▶ **What this task involves**: Once the line holding "Spiegelschrank Quick 923 Spiegelschränke" is found in the entries below, transcribe exactly every line up to and including the one holding "Contactlenzen Optica Actiecodes", but leave out the pictures.

Scraped caption text data
──────

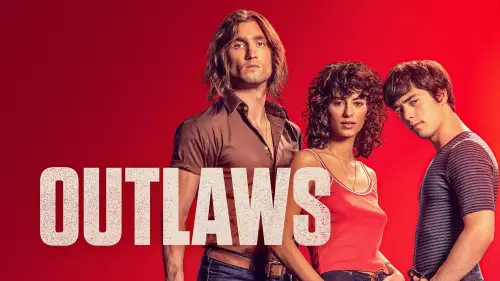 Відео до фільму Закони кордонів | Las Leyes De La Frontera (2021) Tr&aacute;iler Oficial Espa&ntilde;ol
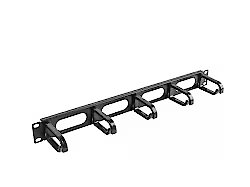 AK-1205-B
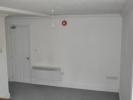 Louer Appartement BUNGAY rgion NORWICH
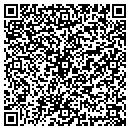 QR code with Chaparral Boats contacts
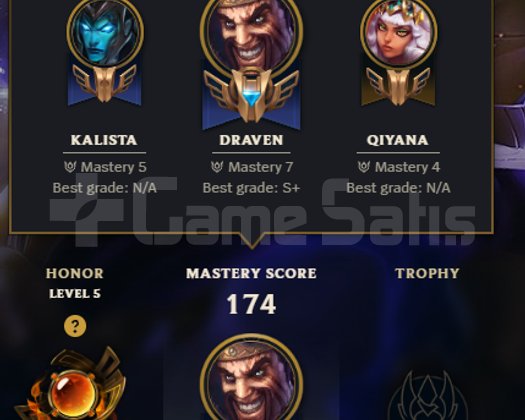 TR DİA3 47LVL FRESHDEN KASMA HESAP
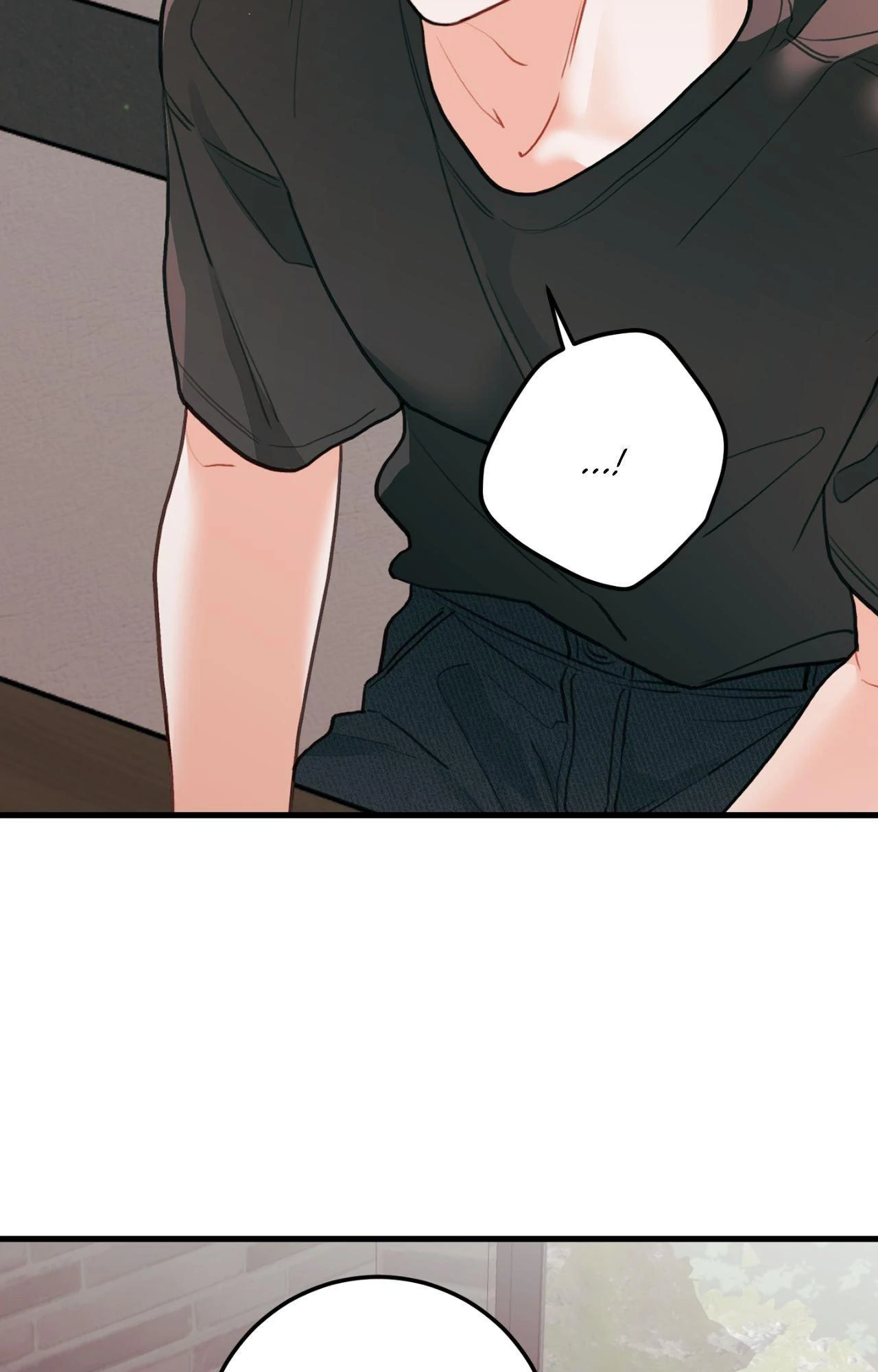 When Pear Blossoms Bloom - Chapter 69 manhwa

──────

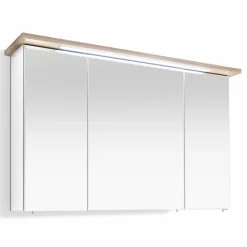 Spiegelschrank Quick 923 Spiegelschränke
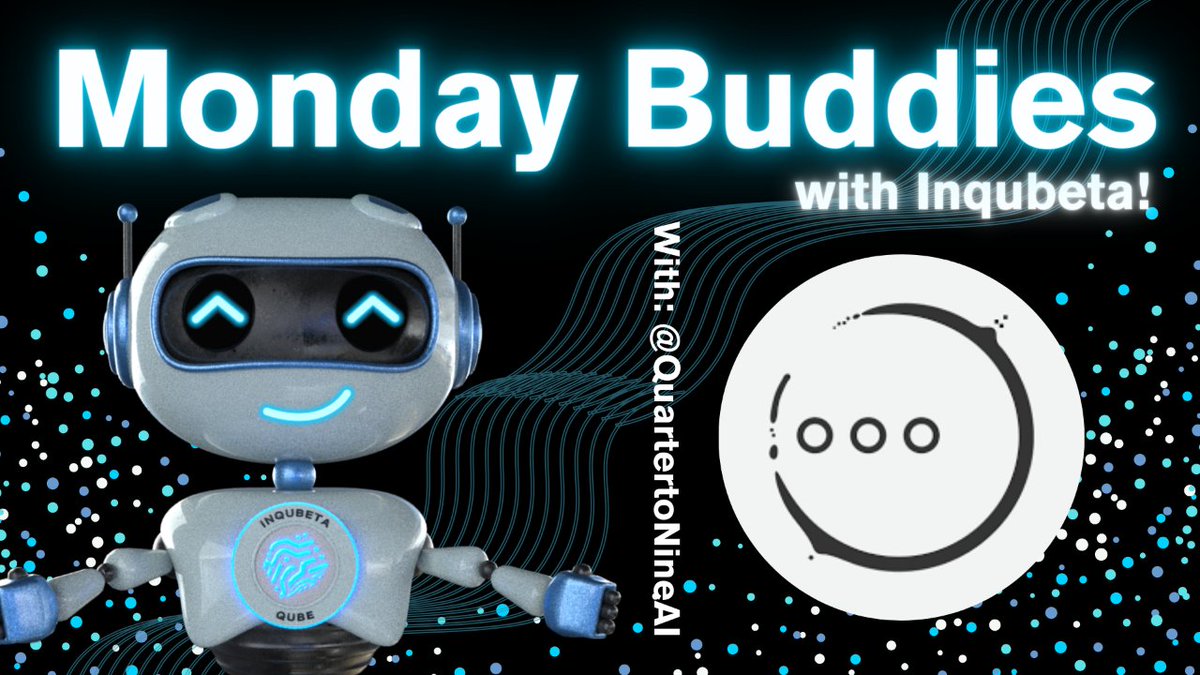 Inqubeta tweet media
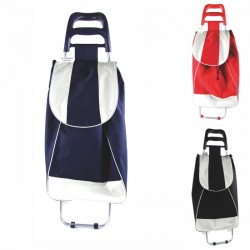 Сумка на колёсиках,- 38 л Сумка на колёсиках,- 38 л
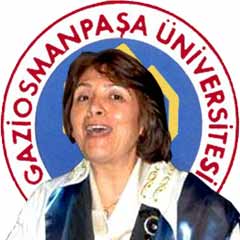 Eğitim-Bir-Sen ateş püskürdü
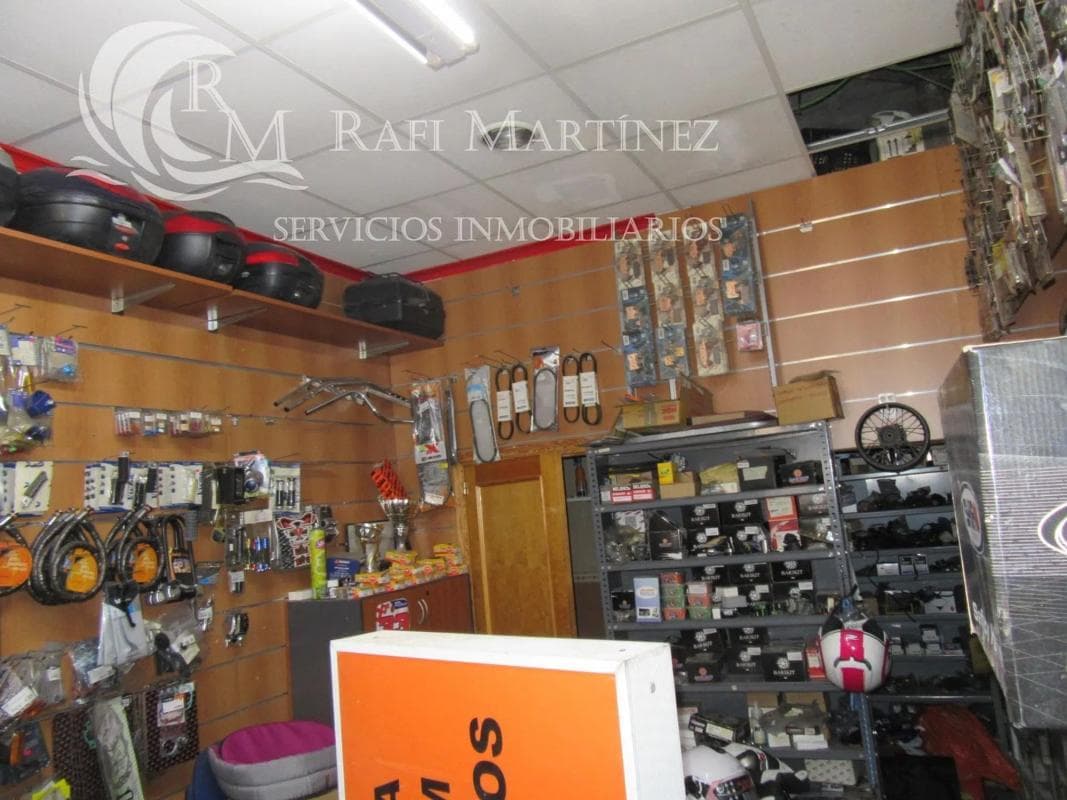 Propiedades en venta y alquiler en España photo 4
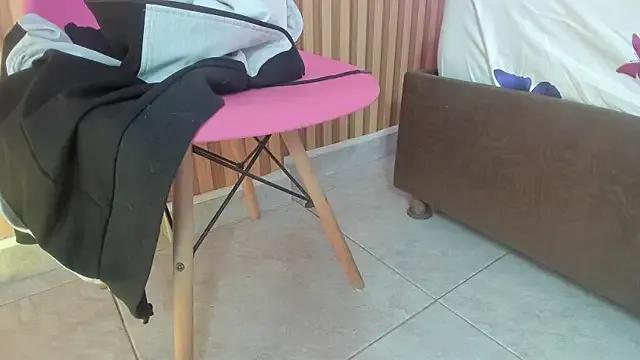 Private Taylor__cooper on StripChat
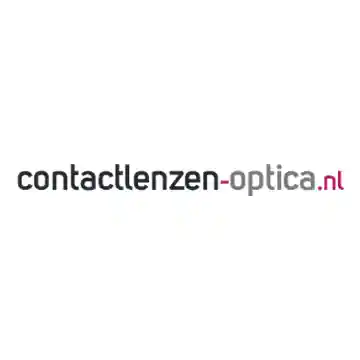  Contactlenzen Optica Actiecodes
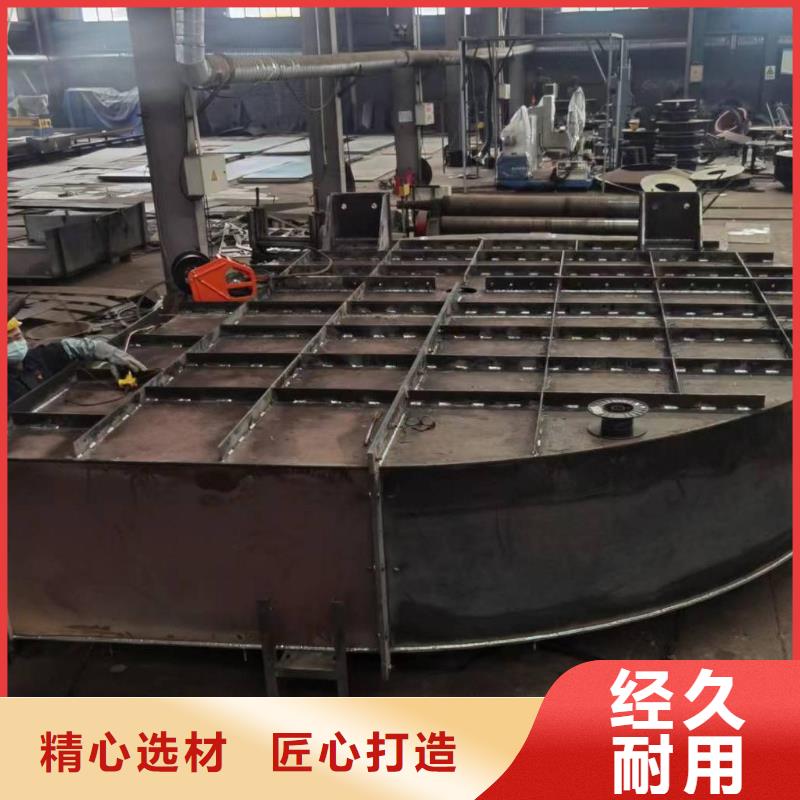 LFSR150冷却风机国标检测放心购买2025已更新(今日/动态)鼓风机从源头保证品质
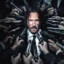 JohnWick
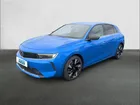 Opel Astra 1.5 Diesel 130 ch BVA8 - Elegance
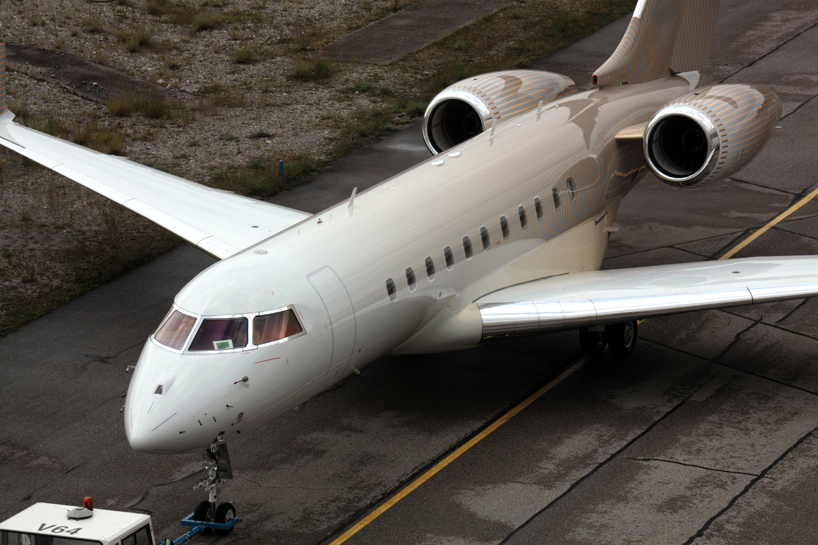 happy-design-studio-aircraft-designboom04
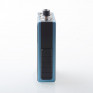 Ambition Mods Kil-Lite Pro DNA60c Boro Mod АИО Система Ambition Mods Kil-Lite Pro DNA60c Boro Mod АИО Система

──────

▶ **Response area**:
 Spiegelschrank Quick 923 Spiegelschränke
 Inqubeta tweet media
 Сумка на колёсиках,- 38 л Сумка на колёсиках,- 38 л
 Eğitim-Bir-Sen ateş püskürdü
 Propiedades en venta y alquiler en España photo 4
 Private Taylor__cooper on StripChat
  Contactlenzen Optica Actiecodes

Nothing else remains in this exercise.